> _WHAT IS BEING ASKED_:
Drop the images. Copy every line below character for character.

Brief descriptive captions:
--------
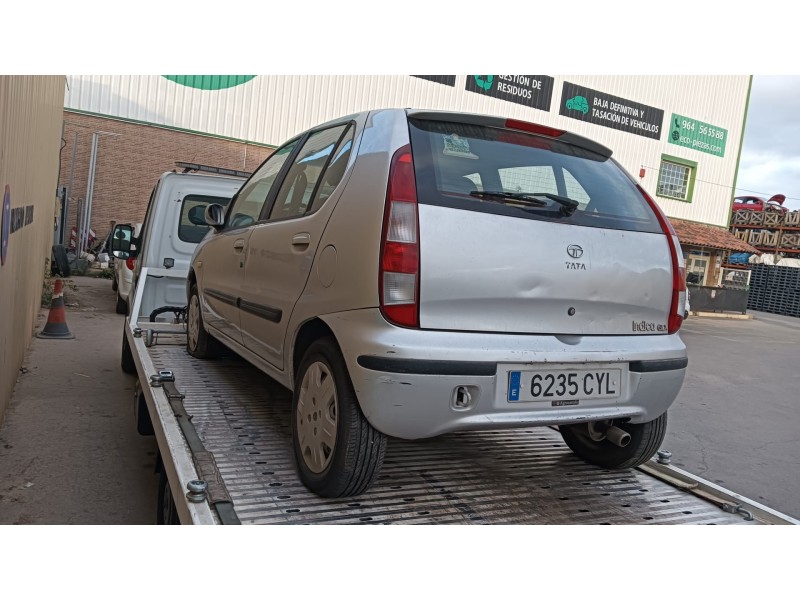 tata indica del año 2004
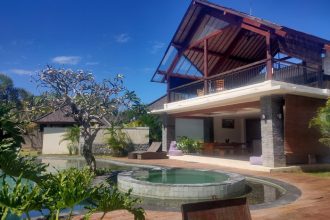 Jual Villa di Bali Pecatu Graha Dreamland Bali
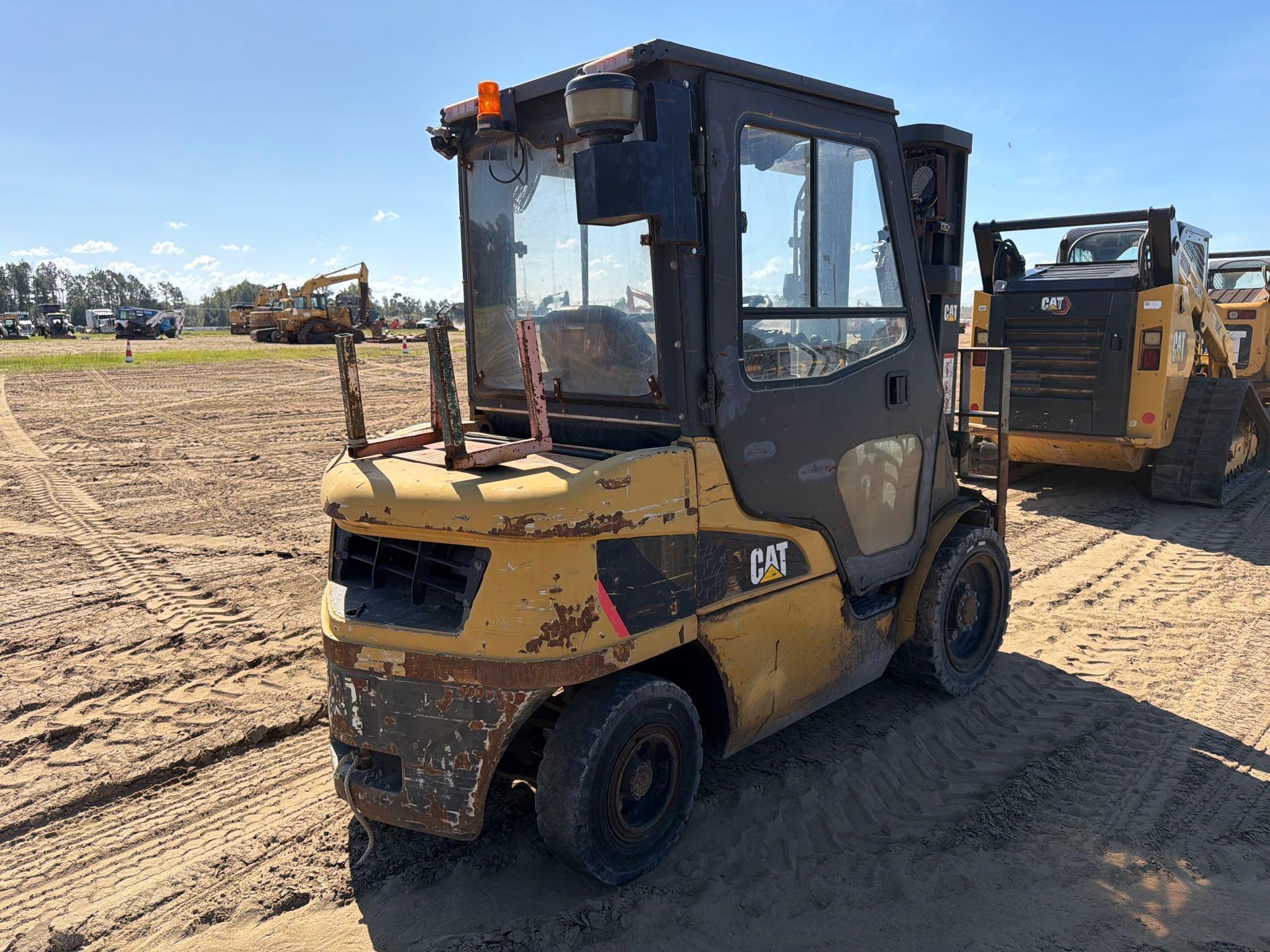 Caterpillar DP30N5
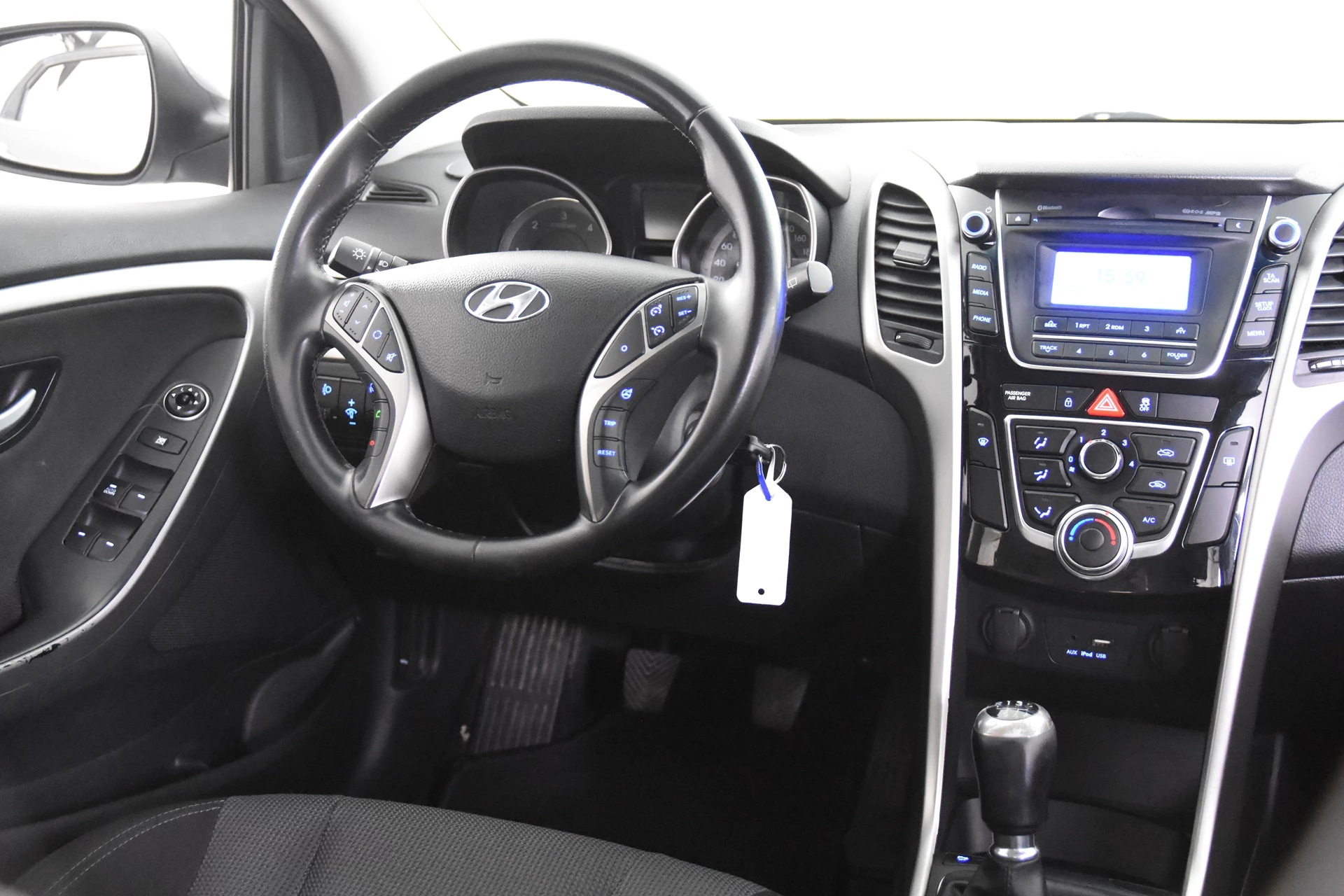 Hoofdafbeelding Hyundai i30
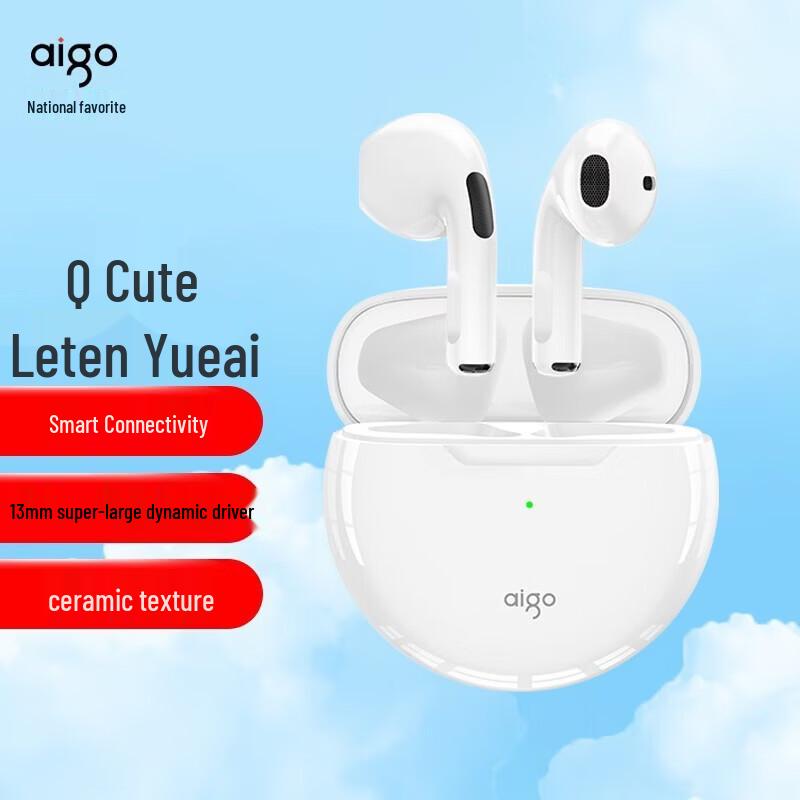 

Aigo T16 True Wireless Bluetooth Earbuds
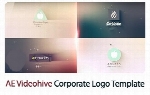 پروژه آماده افترافکت نمایش لوگوهای تجاری به همراه آموزش ویدئویی از ویدئوهایوVideohive Corporate Logo After Effects Template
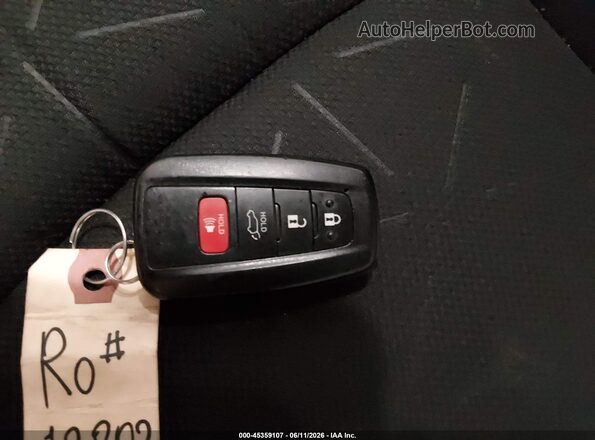 JTMRWRFV8PD200169 2023 TOYOTA RAV4 HYBRID Gray Vista del salpicadero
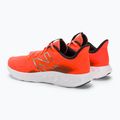 Scarpe da corsa New Balance uomo W411V3 oragne 3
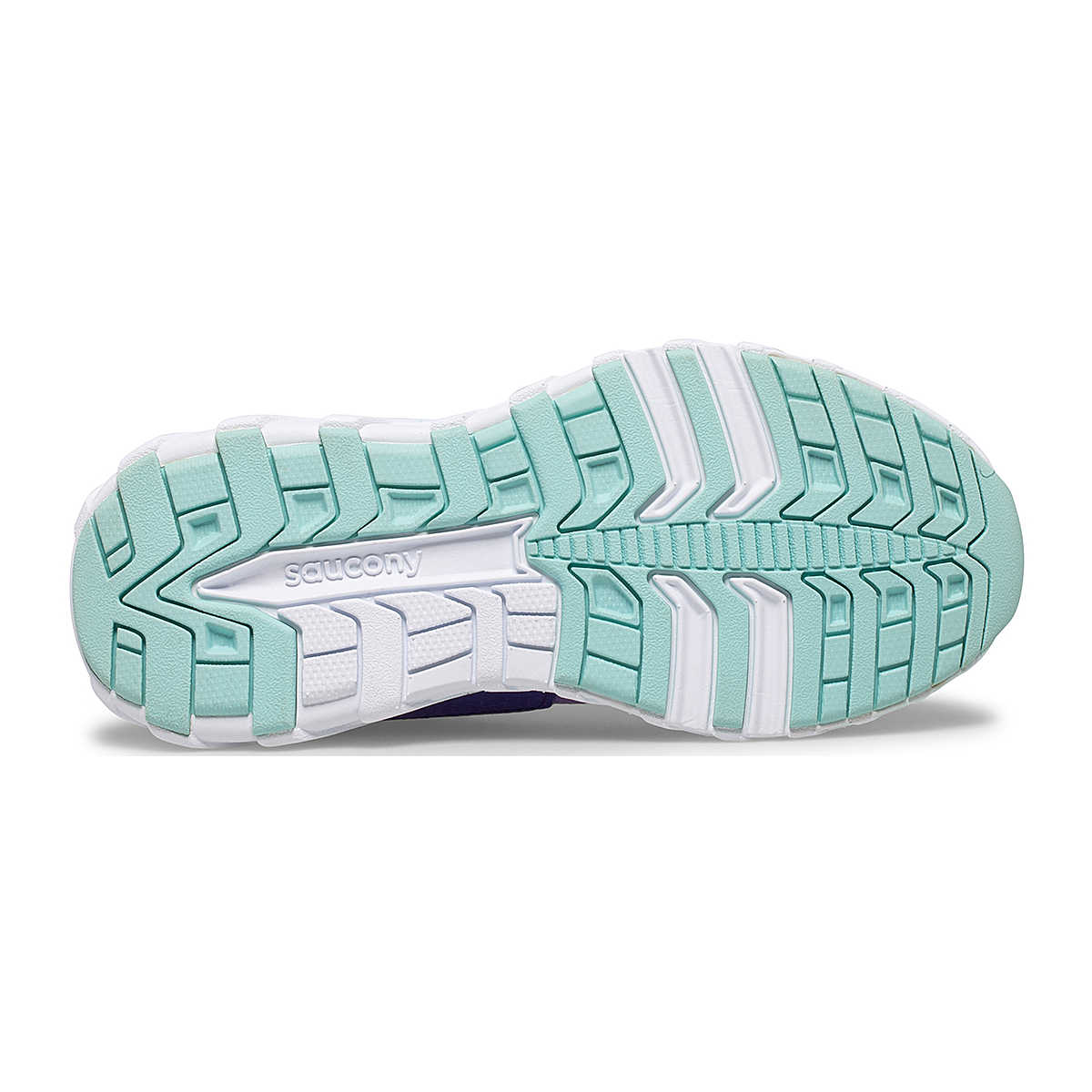 Saucony - Big Kid's Wind 2.0 Lace Sneaker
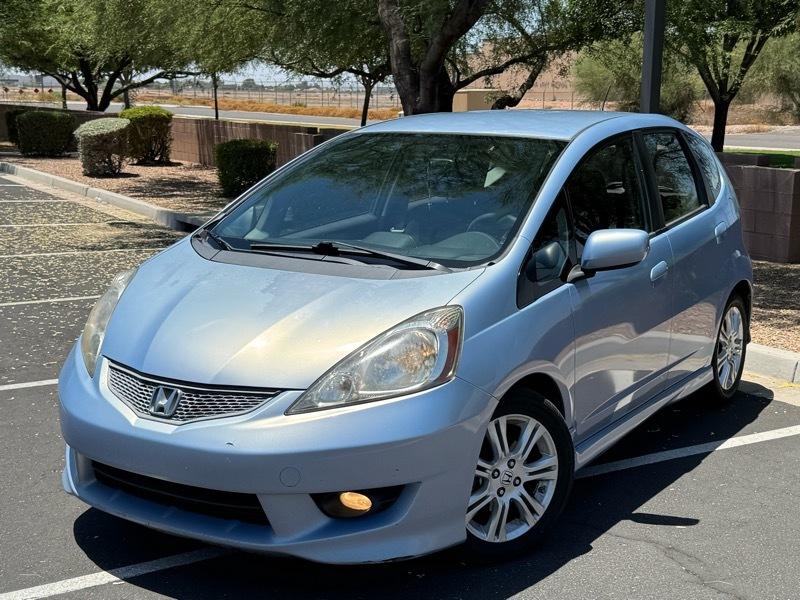 Honda Fit Sport 2010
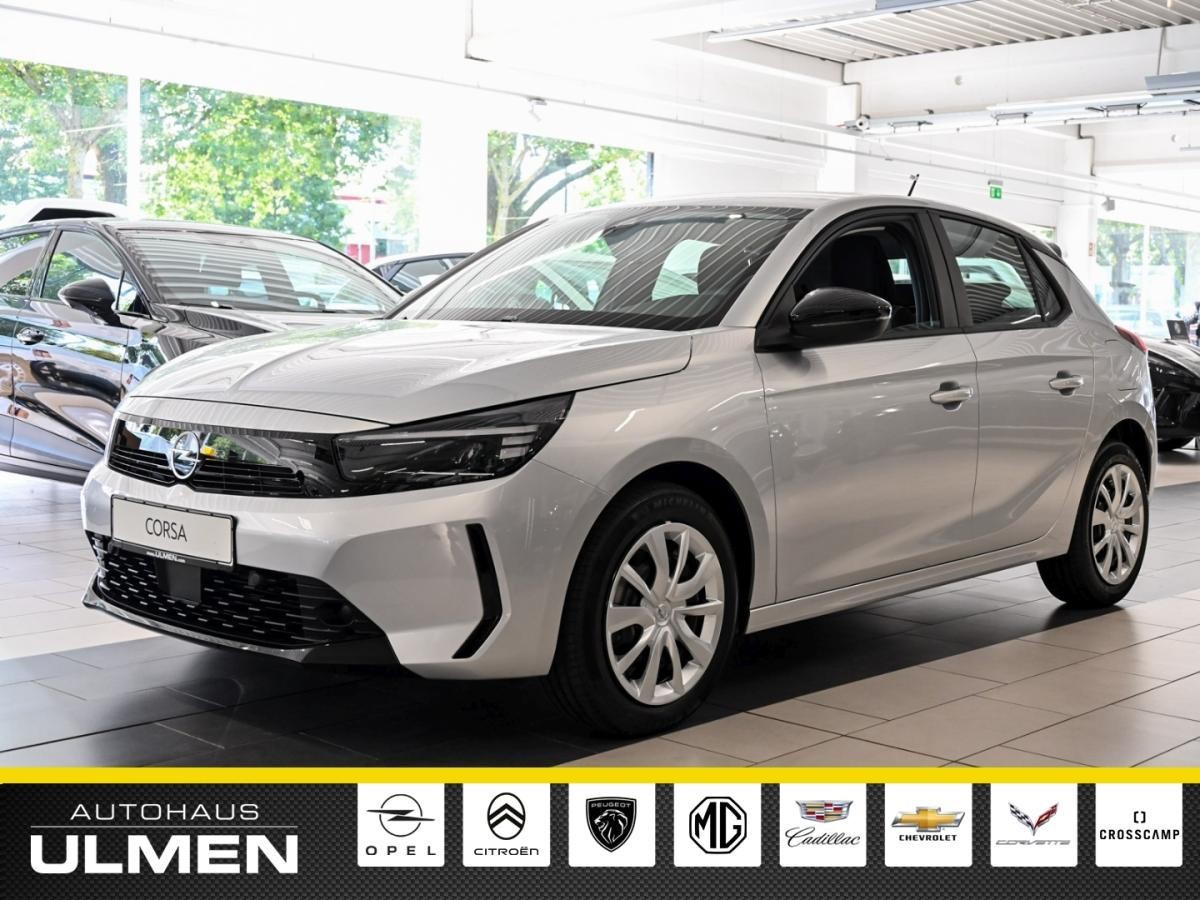 Opel Corsa Corsa 100 EAT8 Inkl. Allwetter // 2x Sofort Verfügbar // Gewerbedeal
--------
> _EXERCISE RESPONSE_:
 tata indica del año 2004
 Jual Villa di Bali Pecatu Graha Dreamland Bali
 Caterpillar DP30N5
 Hoofdafbeelding Hyundai i30

Aigo T16 True Wireless Bluetooth Earbuds
 پروژه آماده افترافکت نمایش لوگوهای تجاری به همراه آموزش ویدئویی از ویدئوهایوVideohive Corporate Logo After Effects Template
 JTMRWRFV8PD200169 2023 TOYOTA RAV4 HYBRID Gray Vista del salpicadero
 Scarpe da corsa New Balance uomo W411V3 oragne 3
 Saucony - Big Kid's Wind 2.0 Lace Sneaker
 Honda Fit Sport 2010
 Opel Corsa Corsa 100 EAT8 Inkl. Allwetter // 2x Sofort Verfügbar // Gewerbedeal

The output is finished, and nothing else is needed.